Guten Tag meine sehr verehrten Damen und Herren! Ich freue mich, hier heute einen Vortrag halten zu dürfen. Erlauben Sie mir aber, mich erst einmal kurz vorzustellen. Mein Name ist Svenja Petri. Ich habe an der Tierärztlichen Hochschule Hannover Tiermedizin studiert. Im Anschluss an das Studium habe ich am dortigen Institut für Tierzucht und Vererbungsforschung meine Doktorarbeit angefertigt. Im Rahmen meiner Dissertation habe ich ein Computerprogramm über die erblichen Erkrankungen des Bewegungsapparates beim Hund entwickelt. Weiterhin habe ich mich mit genetischen Erkrankungen beim Kuvasz, Alaskan Malamute und Landseer beschäftigt. Insgesamt war ich fünf Jahre lang am Institut tätig. Mittlerweile arbeite ich in einer Kleintierpraxis in Hannover.
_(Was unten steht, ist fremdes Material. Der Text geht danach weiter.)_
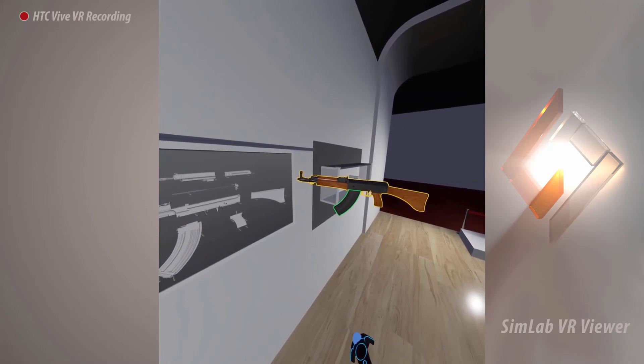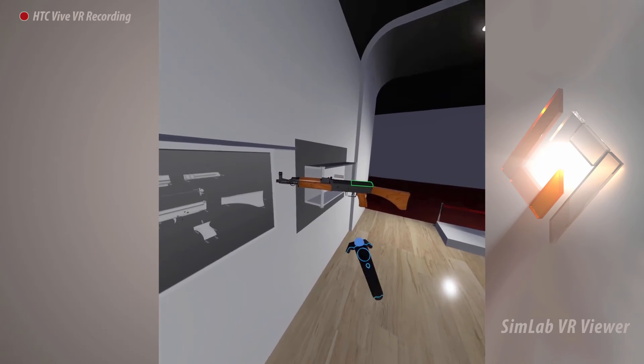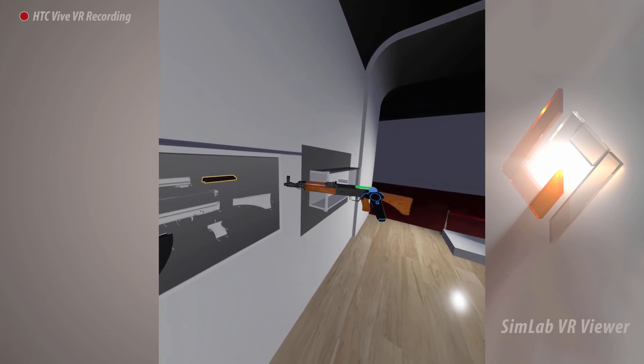You will also notice a blue outline on the board indicating that you can place the magazine in there. The magazine's outline color will change to yellow, and a different part in the assembly sequence will turn green. Grab the green outlined object and place it on its dock on the board.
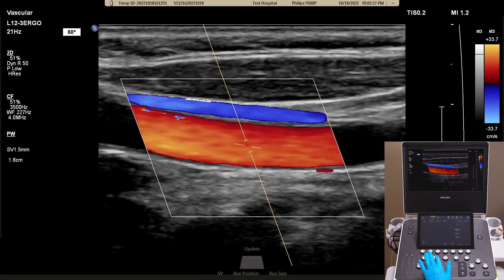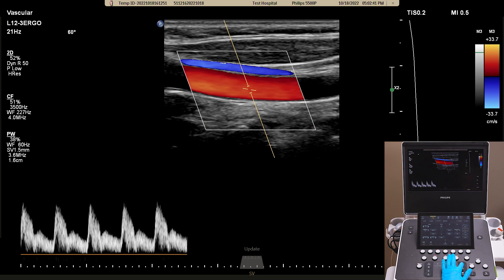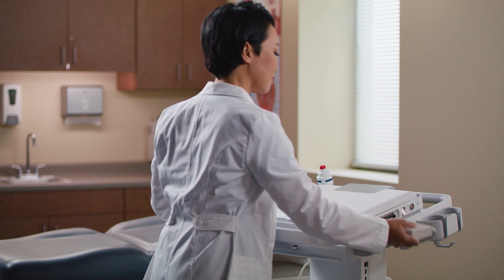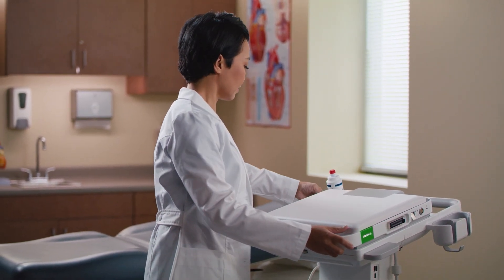You may also use our MaxView option to increase the image size and see more in high detail. The Philips Ultrasound Compact 5000 Series is built to optimize both portability and performance.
Lassen Sie uns nun auf das heutige Thema kommen. Ich möchte Ihnen etwas über die Vererbung des Merlefaktors erzählen und mit den dazu nötigen Grundlagen der Genetik beginnen.
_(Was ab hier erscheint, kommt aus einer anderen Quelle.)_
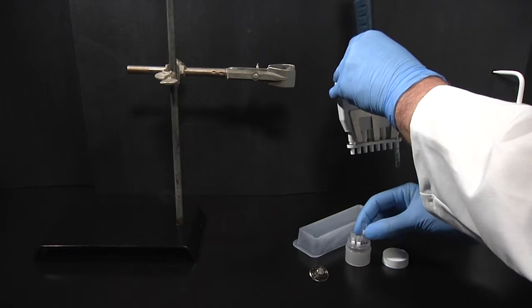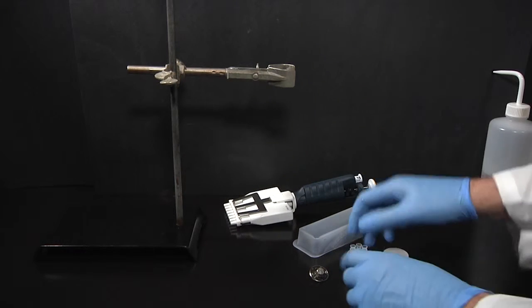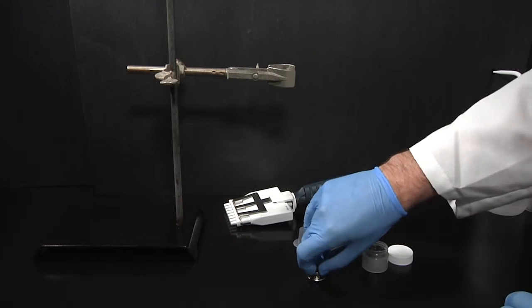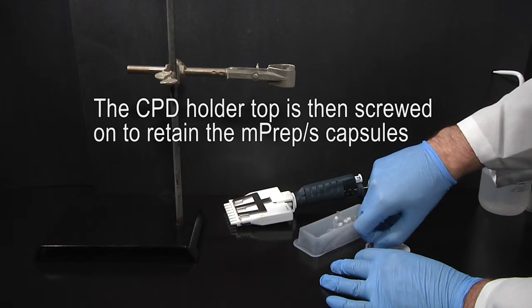Only after the MPREP-S capsules are inserted into the CPD holder are the MPREP filter couplers removed. This is to ensure that the specimens always remain immersed. The MPREP filter couplers are removed after the MPREP-S encapsulated specimens are transferred to the ethanol bath. The CPD holder top is then screwed on to retain the MPREP-S capsules.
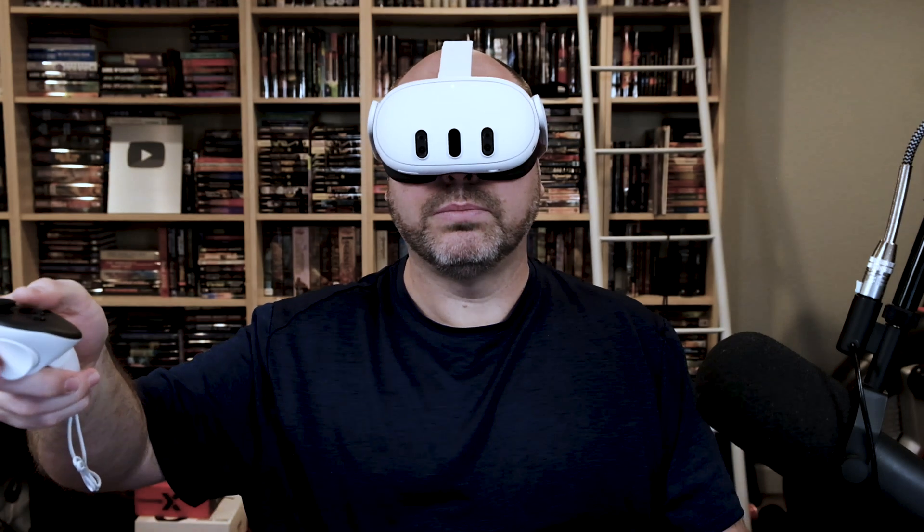Bottom right to continue. Now you adjust the lenses — there's a wheel here at the bottom that you can use to adjust the spacing of the lenses, and adjust those until the screen looks the way that you like. For me, about 64 seems to be pretty good.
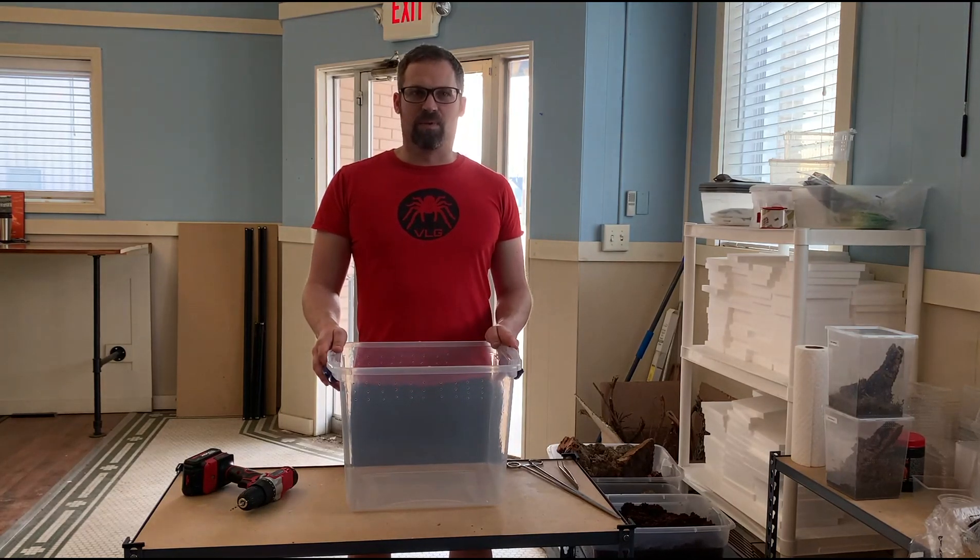Hello and welcome. My name is Brandon Russell with Virg Biotech. Today we are going to be upgrading our Tityus serrulatus enclosure. Tityus serrulatus are a small to medium-sized yellow scorpion from Brazil. They are also communal and parthenogenic.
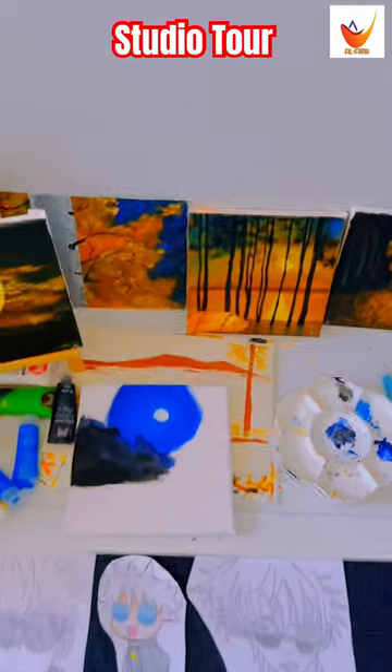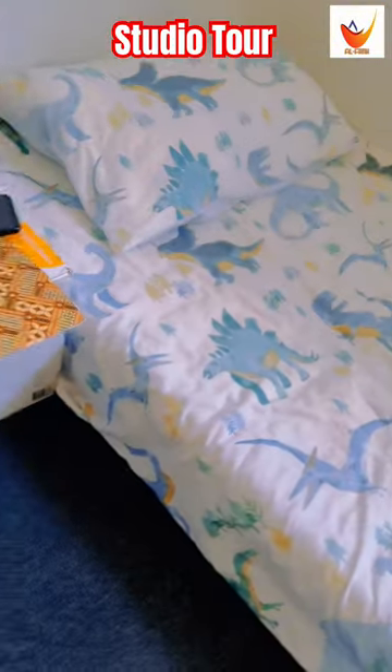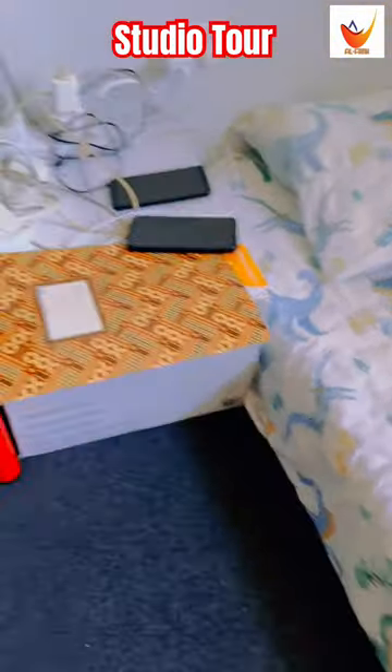These are my dad's paintings, and these Gojo ones are my paintings. This is also my basic painting from the Spiderman universe. This is my studio — I need some resin, it's here for next time.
Der Hund hat genau wie alle anderen Tiere und der Mensch in jeder Körperzelle einen kompletten "Bauplan" seines Organismus. Im Zellkern befinden sich die sogenannten Chromosomen, auf Ihnen sind die Merkmale des Tieres (wie z.B. Fellfarbe, Fellstruktur, Augenfarbe, Kopfform etc.) gespeichert. Ein Hund besitzt 39 verschiedene Chromosomen und auf jedem dieser Chromosomen befinden sich eine große Zahl von Erbanlagen; die einzelnen Erbanlagen bezeichnet man als "Gene". Nun besitzt jede Körperzelle einen "doppelten Satz" Chromosomen (also insgesamt 78), d.h. es gibt jedes Gen und damit auch jedes Merkmal in "zweifacher Ausfertigung".
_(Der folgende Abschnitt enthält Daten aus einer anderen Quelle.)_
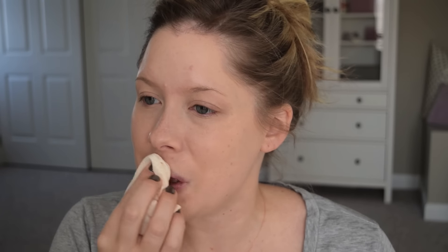After foundation, I like to use those exfoliating towelettes to clean my lips off, especially since we're doing a red lip at the end of this look. For under eye concealer, I'm using the Makeup Forever Full Cover Concealer in the lightest shade.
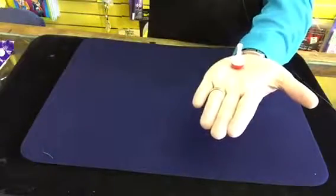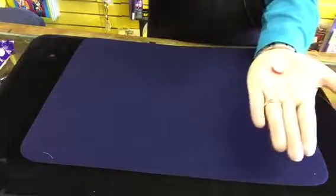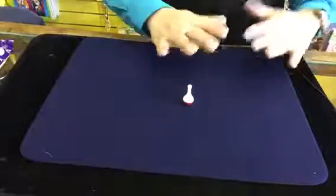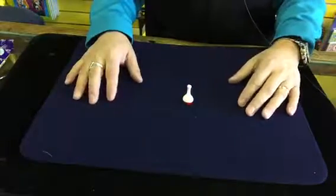Then you put it in your hand like this, and if you just concentrate on it, it'll actually lie down and come back like that. It's fully examinable, easy to do, and a great trick.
Bei der Paarung geben beide Elterntiere jeweils 39 Chromosomen (also die Hälfte) an Ihren Nachwuchs weiter, das bedeutet, dass jedes Tier jeweils ein Gen von der Mutter und eins vom Vater erhält. So kann ein Welpe beispielsweise von der Mutter das Gen für schwarzes Fell erhalten, vom Vater das für rotes Fell. Da das Gen für schwarz "stärker" (dominant) ist als das für rot (rezessiv), hat der Welpe ein schwarzes Fell, er trägt aber auch eine Erbanlage für rot und kann diese an seine Nachkommen weitergeben.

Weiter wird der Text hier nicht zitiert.